Nel quartiere di Sheikh Jarrah, dove la realtà produce odio

di Amira Hass, giornalista di Haaretz


È domenica 9 maggio, siamo quasi al termine di una conversazione con Abd al Fattah Iskafi nella sua casa a Sheikh Jarrah, quando arriva la notizia che la corte suprema israeliana ha rinviato l’udienza prevista per il giorno dopo sulla sorte di questo quartiere palestinese di Gerusalemme Est. Il tribunale avrebbe dovuto esaminare l’appello contro un ordine di espulsione emesso da una corte minore nei confronti degli Iskafi e di altre famiglie.

Non si può certo dire che Iskafi abbia tratto un sospiro di sollievo quando è venuto a sapere che la seduta si terrà entro trenta giorni. «Mi sento come se fossi stato condannato a morte, ma l’esecuzione continua a essere rinviata di poco. Ora è slittata di nuovo», dice a Haaretz. Comunque, ha respirato più liberamente.

Iskafi, 71 anni, ne aveva sei quando la sua famiglia e quella di suo zio si trasferirono dalla loro casa temporanea nella città vecchia al quartiere fuori le mura. Da allora, da 65 anni, vive nella sua casa di Sheikh Jarrah. «È stato come trasferirci nel giardino dell’Eden», ricorda. «C’erano tanti ulivi qui, c’era spazio. La casa era piccola ma era una casa. Nella città vecchia vivevamo in un pozzo, una cisterna usata in passato per raccogliere l’acqua. Non aveva il bagno, l’acqua corrente, né l’elettricità». Prima della guerra del 1948, la famiglia viveva in una casa di proprietà a Baqaa, un quartiere palestinese nella parte meridionale di Gerusalemme. Si trasferì nella città vecchia a causa dei combattimenti, ma quando la guerra finì, a loro, come a tutti gli altri rifugiati, fu vietato di tornare a casa.

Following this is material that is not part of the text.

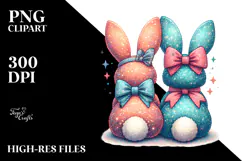 Colorful Retro Bunnies Sitting View from Back, Transparent Product Image 2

«Qualcuno vide i miei genitori e noi figli senza nulla, solo i vestiti addosso, che cercavamo un posto dove stare, e ci lasciarono vivere in una cisterna», dice. «Portavamo l’acqua con i secchi dalla moschea Al Aqsa per lavarci e cucinare. E usavamo un bagno pubblico vicino alla porta dei Leoni».

Iskafi non sa dove si trovi la casa a Baqaa. I suoi genitori sono morti subito dopo che Israele occupò Gerusalemme Est, nel 1967, e non ebbero l’opportunità, o non vollero, vederla abitata dagli ebrei che ci vivevano al posto loro. «A cosa sarebbe servito sapere dov’era la casa, e andare a vederla?», chiede. «Ci è stata tolta, e non possiamo parlarne».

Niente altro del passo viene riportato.